Mantan Anggota DPR RI 3 Periode dari Fraksi PDI Perjuangan ini menceritakan bahwa dulu tidak boleh arak Bali diproduksi, karena arak dimasukan dalam daftar negatif investasi.
“Kita punya produk tradisional lokal berupa minuman di Bali, Sulawesi Utara hingga di NTT yang menjadi sumber penghidupan masyarakatnya, namun ini masuk dalam daftar negatif investasi. Jadi ini lucu, karena impor miras (Minuman Keras, red) boleh masuk, maka ini logikanya terbalik, yang lokal di larang, tapi impor boleh masuk, kapan ekonomi petani Kita kuat dan kapan
petani Kita juga mendapat manfaat,” ujar Ketua DPD PDI Perjuangan Provinsi Bali ini.
Itulah sebabnya dia mengajukan perubahan seperti, Perpres yang mengatur tentang daftar negatif investasi ini (minuman lokal tradisional di berbagai daerah.
Selain berjuang memberikan keberpihakan kepada petani yang menggeluti minuman tradisional lokal berupa arak Bali, Gubernur Koster dihadapan peserta Rakernas KAI juga menyebut ada
Keputusan Presiden (KEPPRES) Nomor 69 Tahun 1994 tentang Pengadaan Garam Beriodium.
Kata Koster, ini juga lucu. Jadi Bali ini adalah satu daerah yang memiliki produk garam yang bagus dengan citarasanya yang khas sampai hotel bintang 5 memakai garam Bali karena membuat masakannya jadi enak, hingga sampai disukai pasar ekspor seperti Jepang, Korea dan Eropa karena memiliki khasiat untuk kesehatan.
Namun ada Keppres dan dikuti dengan Peraturan Kementrian Perindustrian tentang Garam Berodium yang harus berstandar SNI menjadikan Garam Tradisional Lokal Bali bisa diekspor, tapi di Bali tidak bisa masuk ke supermarket, ke swalayan dan pasar modern lainnya, karena regulasi tersebut tidak masuk SNI akibat garam Bali itu yodiumnya kurang dari 20 persen.
“Saya pertanyakan, apa masalahnya kalau garam Bali ini kurang dari 20 persen yodiumnya. Padahal di daerah Karangasem, Klungkung, Buleleng, Jembrana penghasil garam tradisional dan Saya termasuk orang yang sudah mengkonsumsi garam lokal sejak kecil,” ucapnnya.

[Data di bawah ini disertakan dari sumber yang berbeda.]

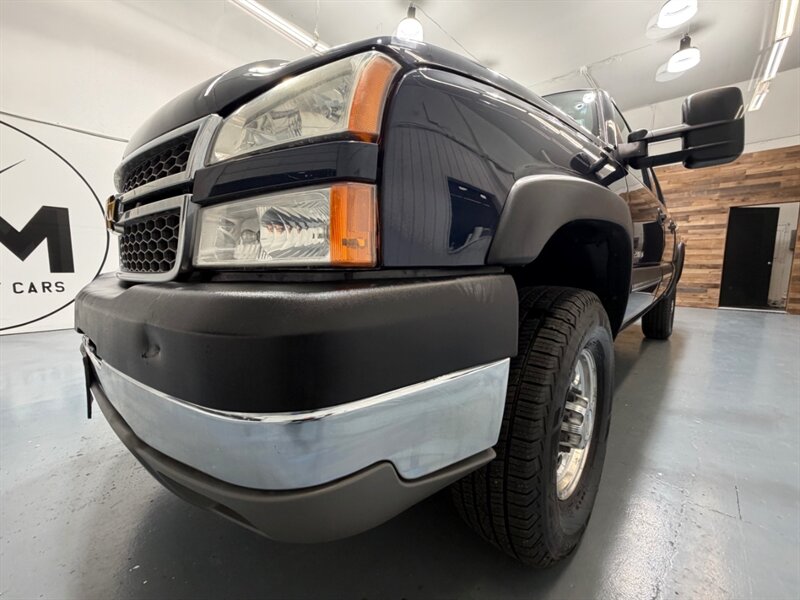 2005 Chevrolet Silverado 2500 LS 2500HD 4X4 6.0L V8 / NEW TIRES / ZERO RUST /SHORT BED / LOW MILES - Photo 49 - Gladstone, OR 97027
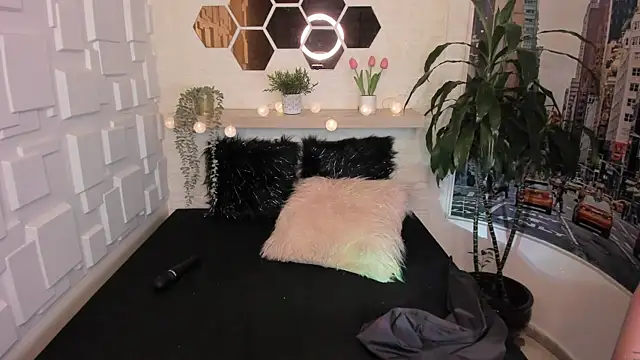 Snapshot of Esteff__o2 chatting on 02.03.25 Esteff o2 online show from 02.03.25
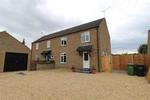 3 bedroom semi-detached house to rent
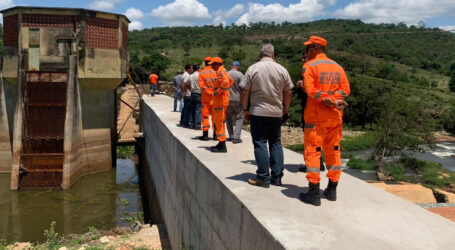 Corpo de Bombeiros e equipe multidisciplinar vistoriam obras para reforçar barragem da Usina do Carioca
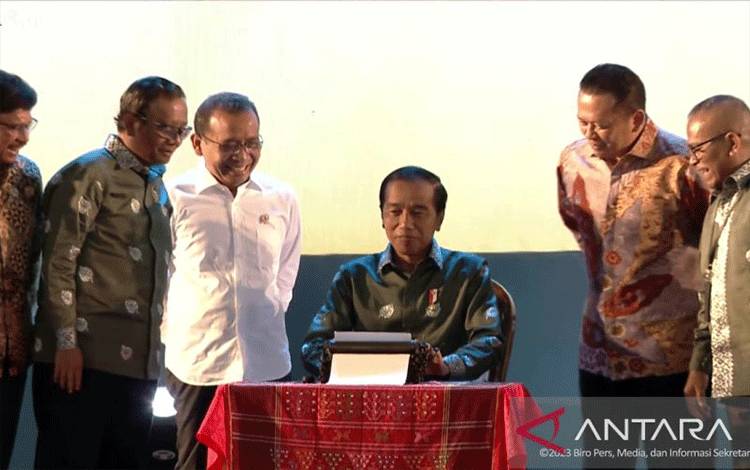 Jokowi Minta Media Arus Utama Jadi Rumah Penjernih Informasi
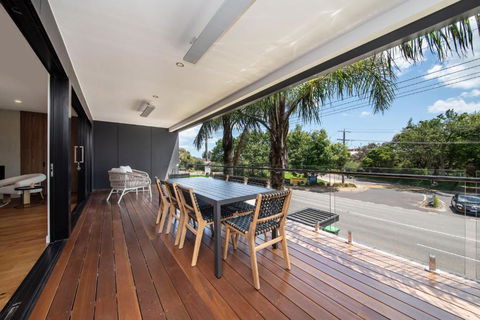 Sandringham Sunshine Escape - Tourism Townsville 1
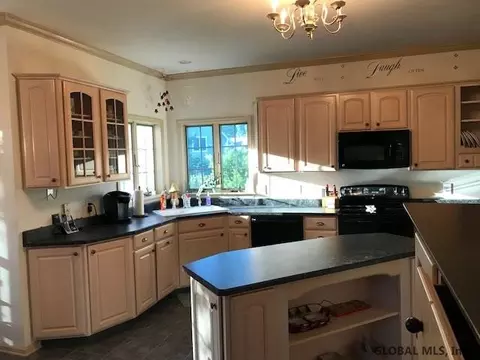 93 Gullane Dr, Slingerlands, NY 12159 photo 5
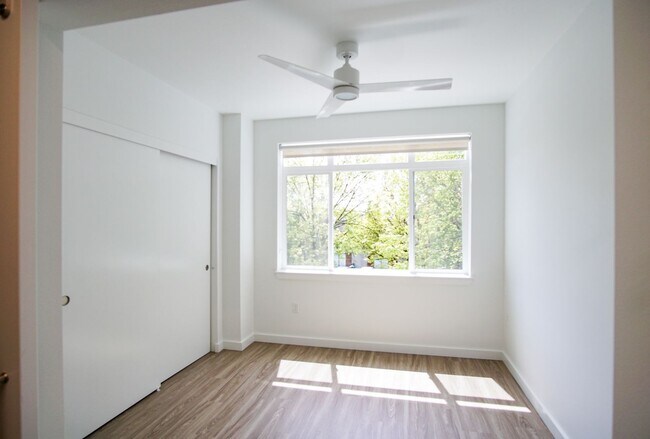 Building Photo - Modern 1-Bed w/Condo-Grade Finishes, Washe...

Jika karena kurang yodium dan dampaknya akan stunting atau gondok. ia mengira dari dulu masyarakat setempat ramai-ramai gondok atau ramai-ramai stunting, ternyata tidak ada.
Jadi teori 20 persen yodiumnya itu menurut Saya tidak akurat,” tegas Gubernur Koster
seraya menyebut atas dasar itulah Saya meminta Badan Pengawas Obat dan Makanan (BPOM) merubah regulasinya, sehingga sekarang garam Bali sudah bisa masuk ke pasar modern seperti
supermarket dan swalayan melalui Surat Edaran (SE) Nomor 17 Tahun 2021 tentang Pemanfaatan Produk Garam Tradisional Lokal Bali. Tapi Saya menyarankan agar pemerintah merubah Keppres
Nomor 69 Tahun 1994, karena menghambat.
Jadi kalau bisa, walaupun ini merupakan organisasi Advokat (KAI), Koster mengusulkan supaya Rakernas KAI ini mengkaji sejumlah regulasi, ada Undang – Undang, Peraturan Pemerintah, Keppres,
dan Peraturan Menteri yang ramah terhadap produk impor.
“Ini tidak benar. Kalau Kita masih ramah pada impor, maka selamanya petani Kita tidak akan sejahtera. Begitu dia panen, lalu datang produk impor, jadi ngak bisa laku hasil produksi petani Kita,” tegasnya.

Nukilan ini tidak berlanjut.